══ Provided information ══

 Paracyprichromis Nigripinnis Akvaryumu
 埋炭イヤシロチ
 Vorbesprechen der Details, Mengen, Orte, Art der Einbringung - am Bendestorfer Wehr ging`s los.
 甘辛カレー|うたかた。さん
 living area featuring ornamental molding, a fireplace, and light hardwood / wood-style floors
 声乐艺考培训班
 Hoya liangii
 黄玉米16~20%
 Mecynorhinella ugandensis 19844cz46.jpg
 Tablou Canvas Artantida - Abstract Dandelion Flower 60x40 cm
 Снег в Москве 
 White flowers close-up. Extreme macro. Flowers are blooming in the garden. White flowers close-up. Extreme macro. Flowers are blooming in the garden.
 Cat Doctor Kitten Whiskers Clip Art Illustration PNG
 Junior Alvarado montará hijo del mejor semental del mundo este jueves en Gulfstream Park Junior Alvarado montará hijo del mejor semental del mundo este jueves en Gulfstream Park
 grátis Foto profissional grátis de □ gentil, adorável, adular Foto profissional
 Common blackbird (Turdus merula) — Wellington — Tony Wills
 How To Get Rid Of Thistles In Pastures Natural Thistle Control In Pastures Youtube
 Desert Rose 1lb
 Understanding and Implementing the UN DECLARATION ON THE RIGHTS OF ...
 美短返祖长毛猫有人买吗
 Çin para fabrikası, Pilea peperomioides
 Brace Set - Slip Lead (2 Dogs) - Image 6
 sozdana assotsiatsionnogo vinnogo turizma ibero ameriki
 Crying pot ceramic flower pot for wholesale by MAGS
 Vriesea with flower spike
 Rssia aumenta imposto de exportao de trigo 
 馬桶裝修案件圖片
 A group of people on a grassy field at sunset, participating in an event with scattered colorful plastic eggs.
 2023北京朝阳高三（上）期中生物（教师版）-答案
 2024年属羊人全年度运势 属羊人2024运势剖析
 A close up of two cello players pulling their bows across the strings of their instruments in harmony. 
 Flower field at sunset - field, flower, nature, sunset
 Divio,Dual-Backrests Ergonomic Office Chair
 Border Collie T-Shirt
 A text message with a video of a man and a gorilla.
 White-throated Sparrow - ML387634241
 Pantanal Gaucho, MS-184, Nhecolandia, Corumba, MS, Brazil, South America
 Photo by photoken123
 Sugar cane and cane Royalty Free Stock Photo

═══

Would you please copy exactly the part of the entries above that begins at the line containing "Снег в Москве" and ends at the line containing "Gulfstream Park Junior", both lines included?

» Solution to the problem
 Снег в Москве 
 White flowers close-up. Extreme macro. Flowers are blooming in the garden. White flowers close-up. Extreme macro. Flowers are blooming in the garden.
 Cat Doctor Kitten Whiskers Clip Art Illustration PNG
 Junior Alvarado montará hijo del mejor semental del mundo este jueves en Gulfstream Park Junior Alvarado montará hijo del mejor semental del mundo este jueves en Gulfstream Park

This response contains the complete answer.